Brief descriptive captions

----------------------------------------

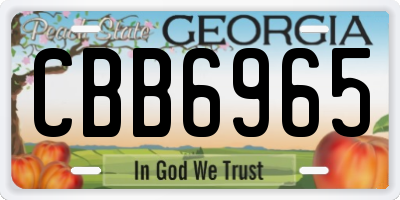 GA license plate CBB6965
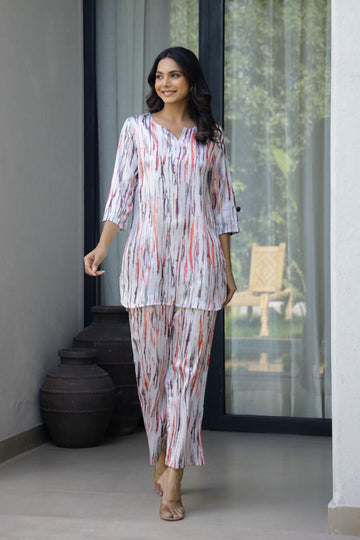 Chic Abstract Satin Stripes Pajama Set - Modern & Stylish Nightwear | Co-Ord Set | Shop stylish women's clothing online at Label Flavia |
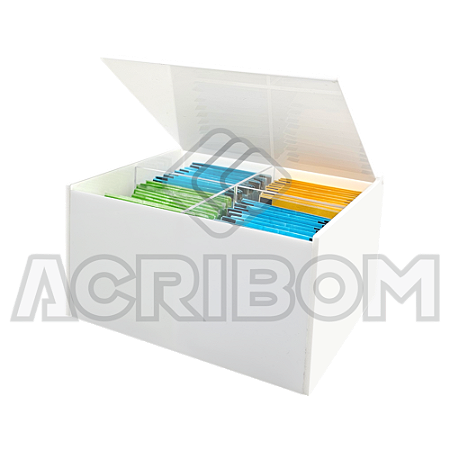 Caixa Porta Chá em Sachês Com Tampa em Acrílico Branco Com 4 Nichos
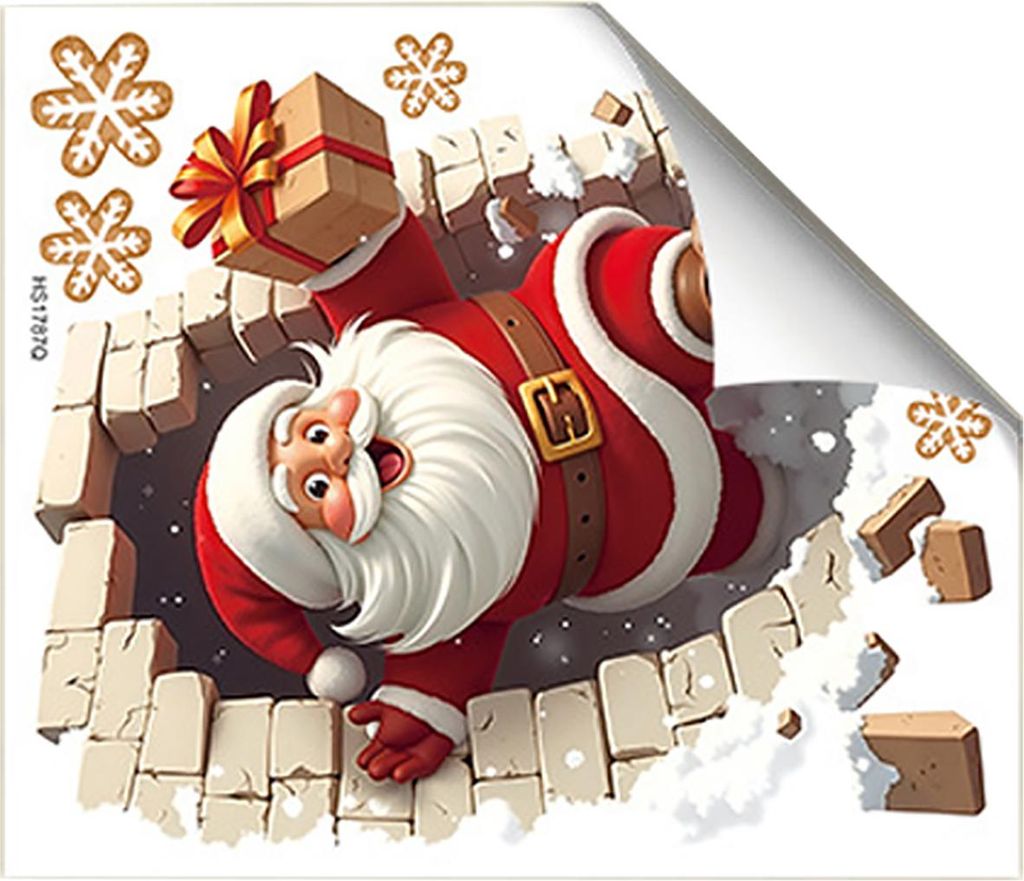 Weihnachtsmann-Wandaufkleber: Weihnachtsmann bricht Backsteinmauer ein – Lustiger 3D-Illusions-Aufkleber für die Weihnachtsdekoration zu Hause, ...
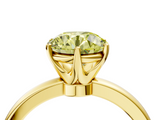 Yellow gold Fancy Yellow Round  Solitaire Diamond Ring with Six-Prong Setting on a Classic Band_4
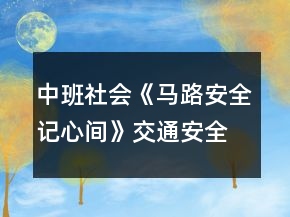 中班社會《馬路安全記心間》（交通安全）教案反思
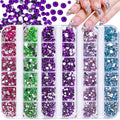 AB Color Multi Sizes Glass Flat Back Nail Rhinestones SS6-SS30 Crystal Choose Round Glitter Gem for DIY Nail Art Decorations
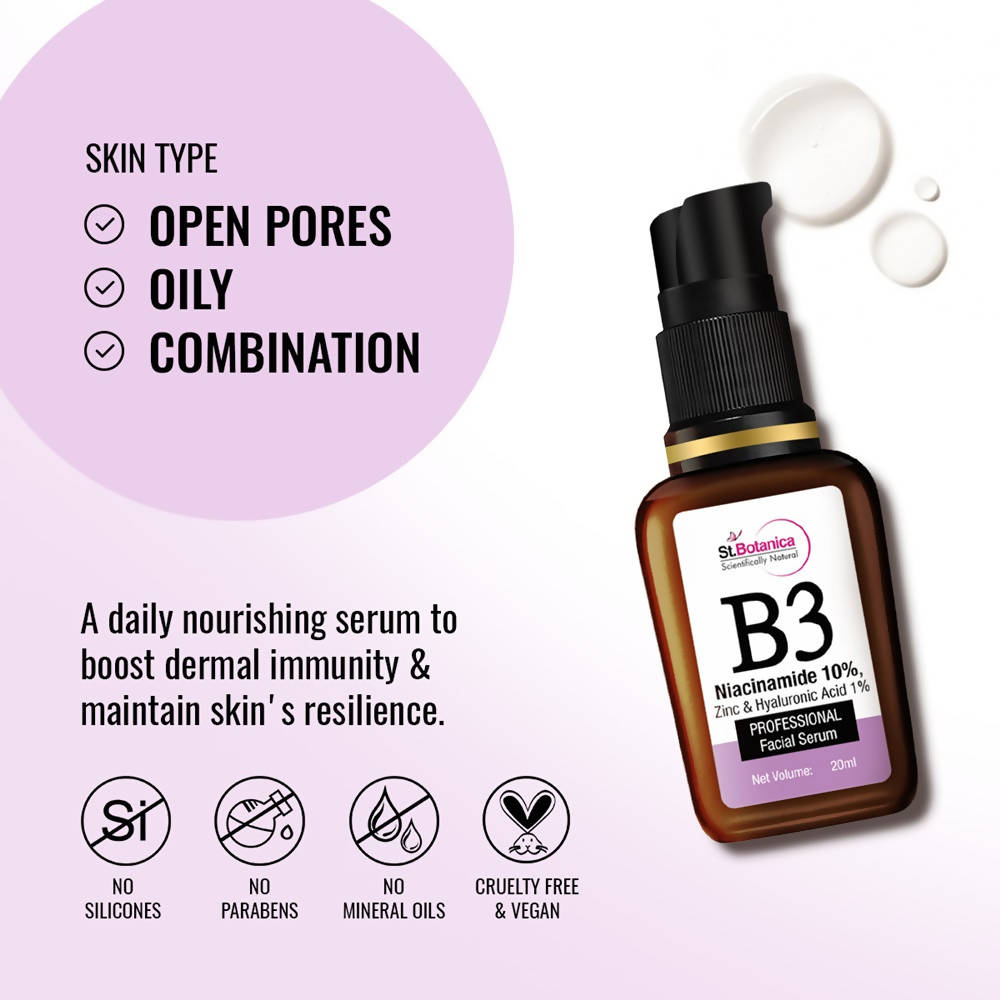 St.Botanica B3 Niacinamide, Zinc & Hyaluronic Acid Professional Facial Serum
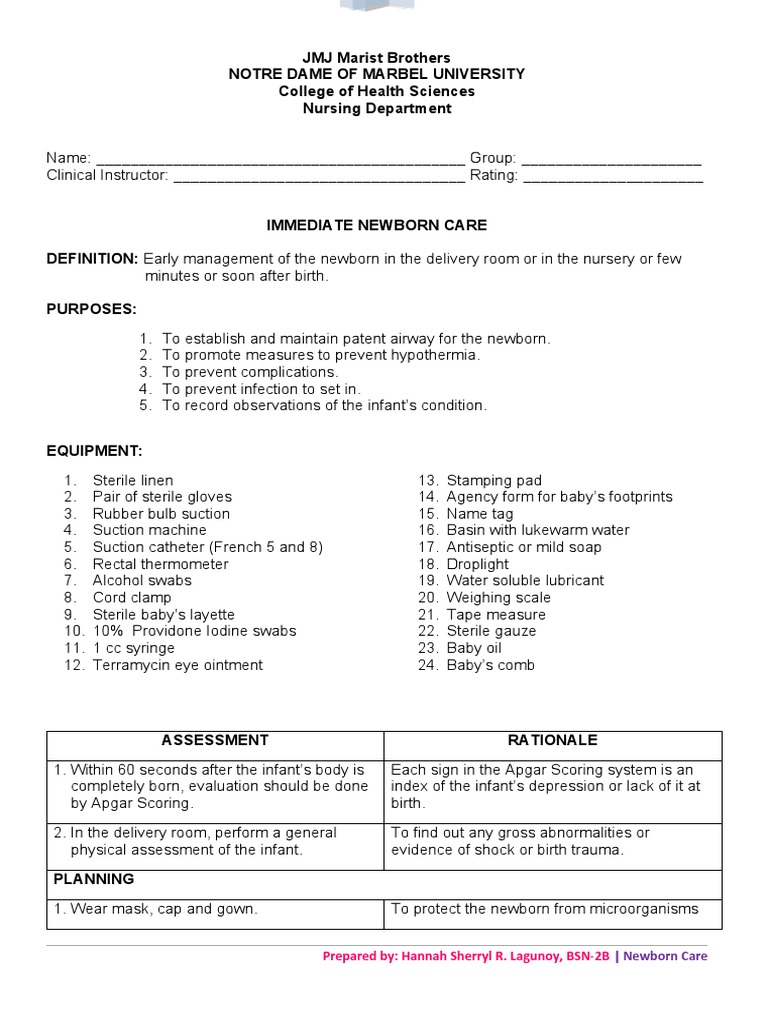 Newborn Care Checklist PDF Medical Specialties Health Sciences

----------------------------------------

Exact copy, pictures excluded: every line above from the one containing "Yellow gold Fancy" to the one containing "St.Botanica B3 Niacinamide, Zinc", inclusive, and nothing more.

 Yellow gold Fancy Yellow Round  Solitaire Diamond Ring with Six-Prong Setting on a Classic Band_4
 中班社會《馬路安全記心間》（交通安全）教案反思
 AB Color Multi Sizes Glass Flat Back Nail Rhinestones SS6-SS30 Crystal Choose Round Glitter Gem for DIY Nail Art Decorations
 St.Botanica B3 Niacinamide, Zinc & Hyaluronic Acid Professional Facial Serum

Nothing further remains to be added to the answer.